■ Instructions for the task
Note on the material below: return exactly the lines from the line that holds "T-Shirts Black /" through the line that holds "Kit Coppia Pinze", and leave out each picture.

■ Provided data
Content starts

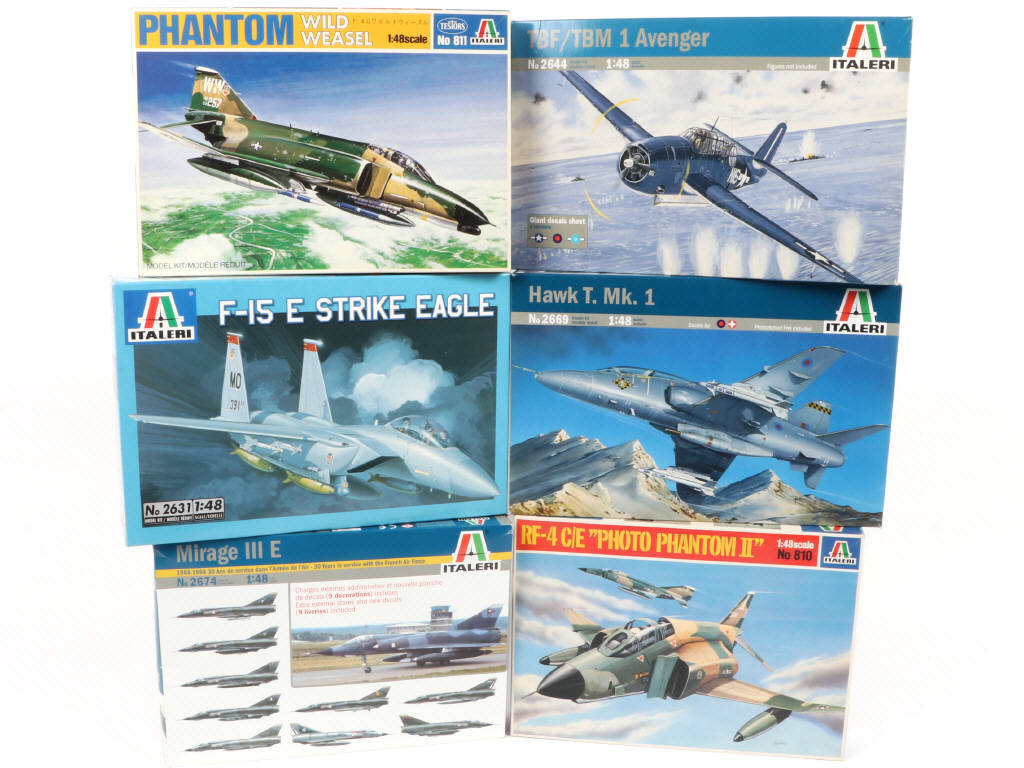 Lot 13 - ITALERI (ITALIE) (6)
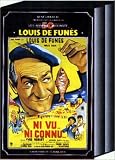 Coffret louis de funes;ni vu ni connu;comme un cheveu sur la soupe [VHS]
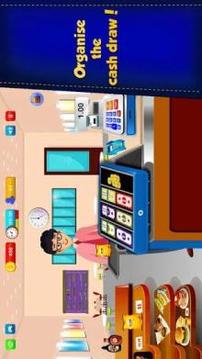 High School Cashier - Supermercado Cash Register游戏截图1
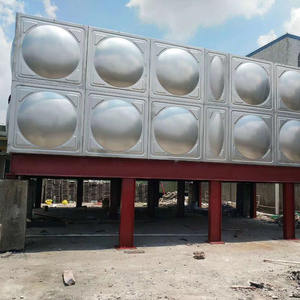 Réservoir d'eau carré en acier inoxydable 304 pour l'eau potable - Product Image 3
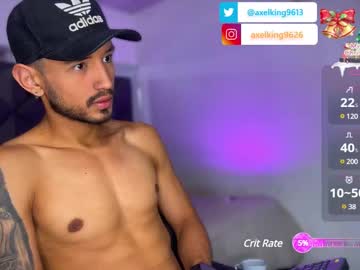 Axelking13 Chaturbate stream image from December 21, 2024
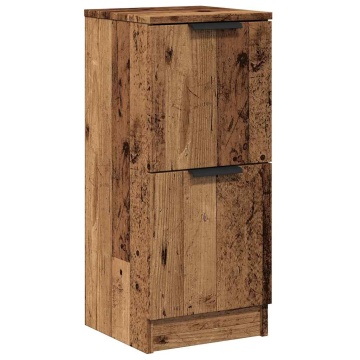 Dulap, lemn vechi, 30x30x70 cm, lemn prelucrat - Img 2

Content ends
Content starts

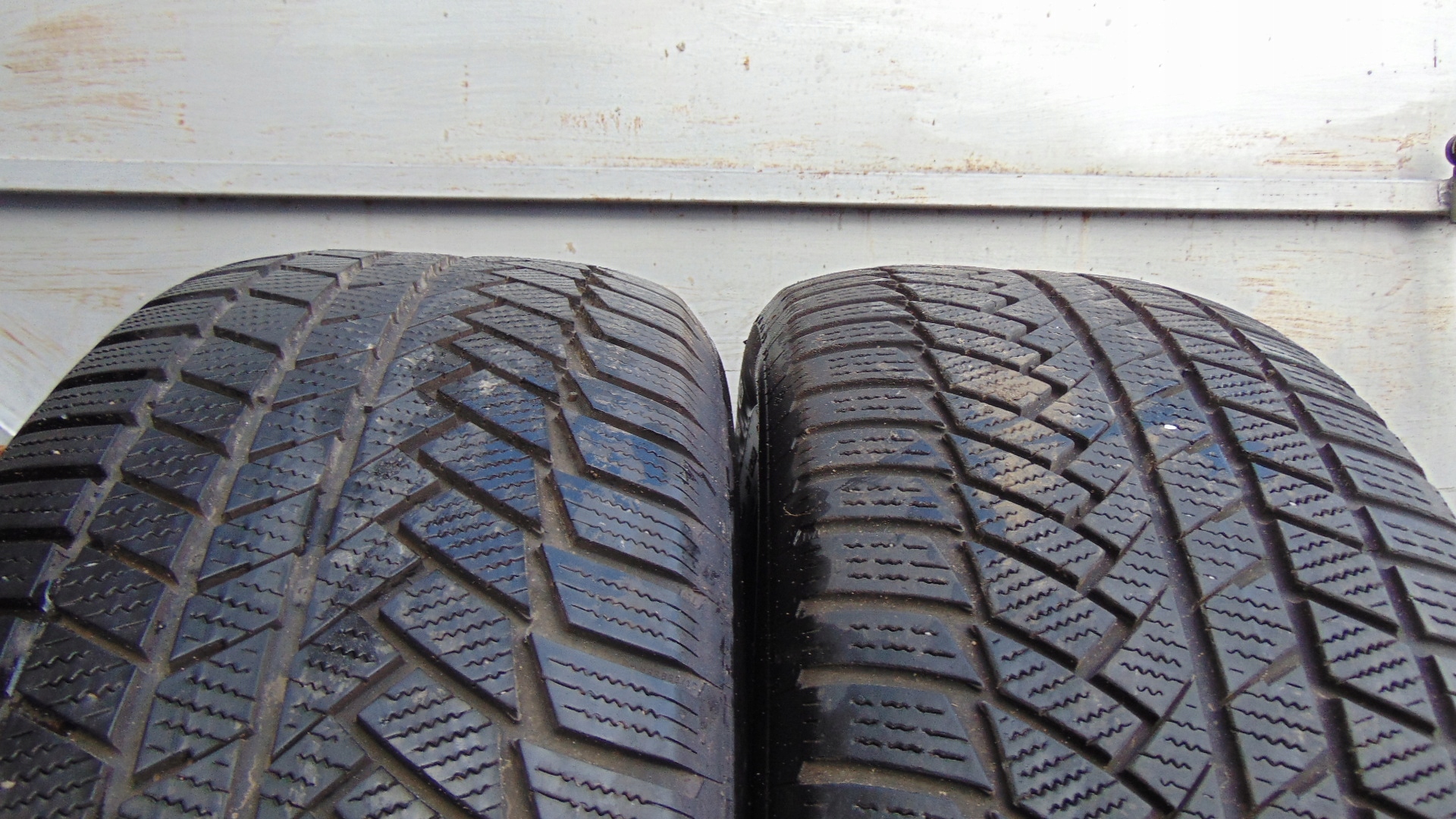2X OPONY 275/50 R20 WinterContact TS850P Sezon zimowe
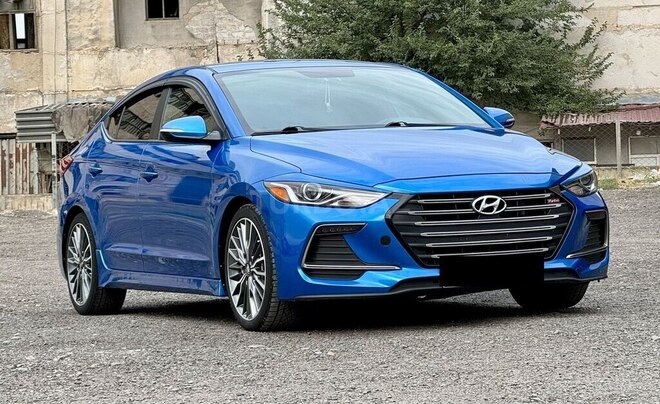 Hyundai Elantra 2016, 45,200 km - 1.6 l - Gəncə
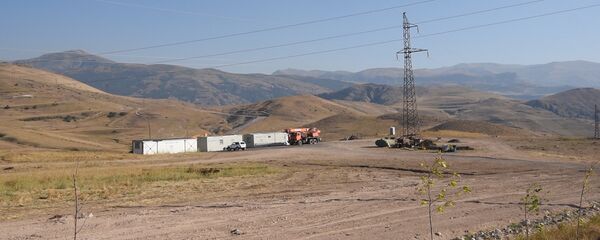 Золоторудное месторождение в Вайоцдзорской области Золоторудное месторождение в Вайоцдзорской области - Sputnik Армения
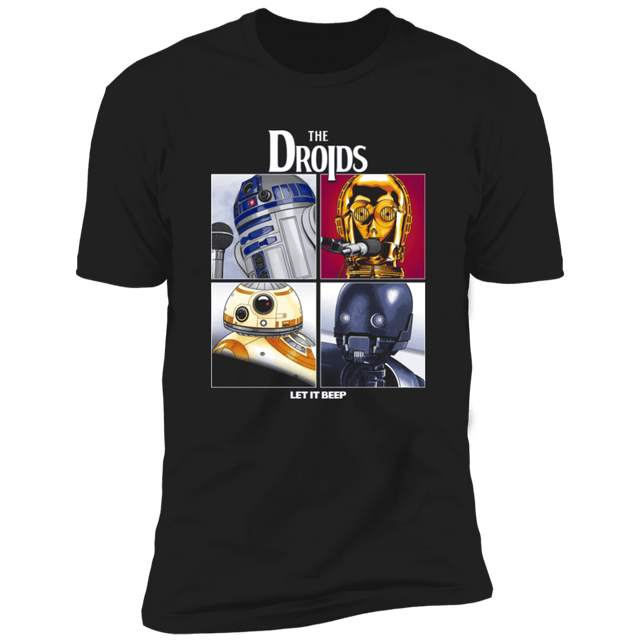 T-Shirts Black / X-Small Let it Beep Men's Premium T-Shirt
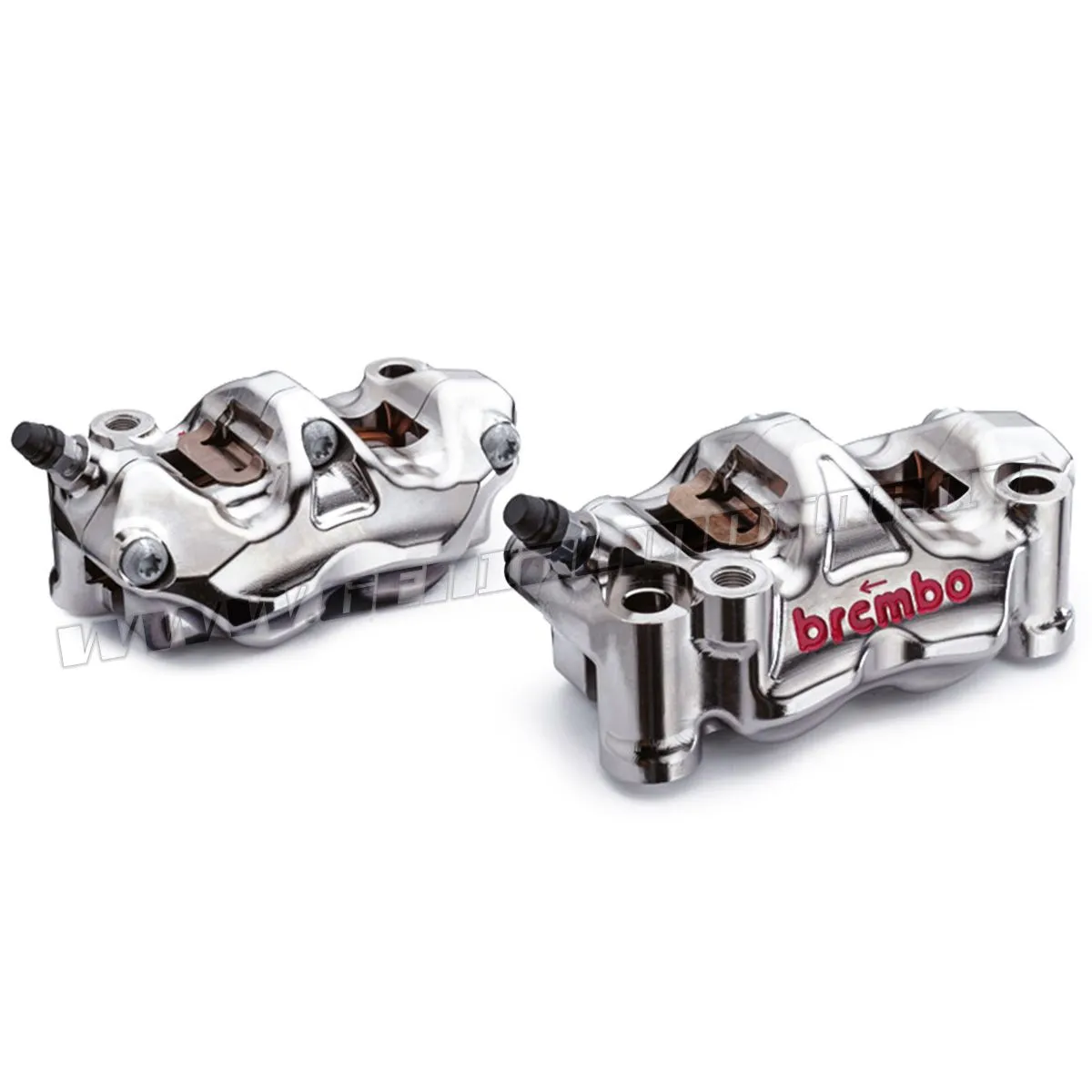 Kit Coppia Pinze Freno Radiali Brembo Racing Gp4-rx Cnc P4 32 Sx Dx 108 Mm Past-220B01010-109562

Content ends

■ Response to the exercise
 T-Shirts Black / X-Small Let it Beep Men's Premium T-Shirt
 Kit Coppia Pinze Freno Radiali Brembo Racing Gp4-rx Cnc P4 32 Sx Dx 108 Mm Past-220B01010-109562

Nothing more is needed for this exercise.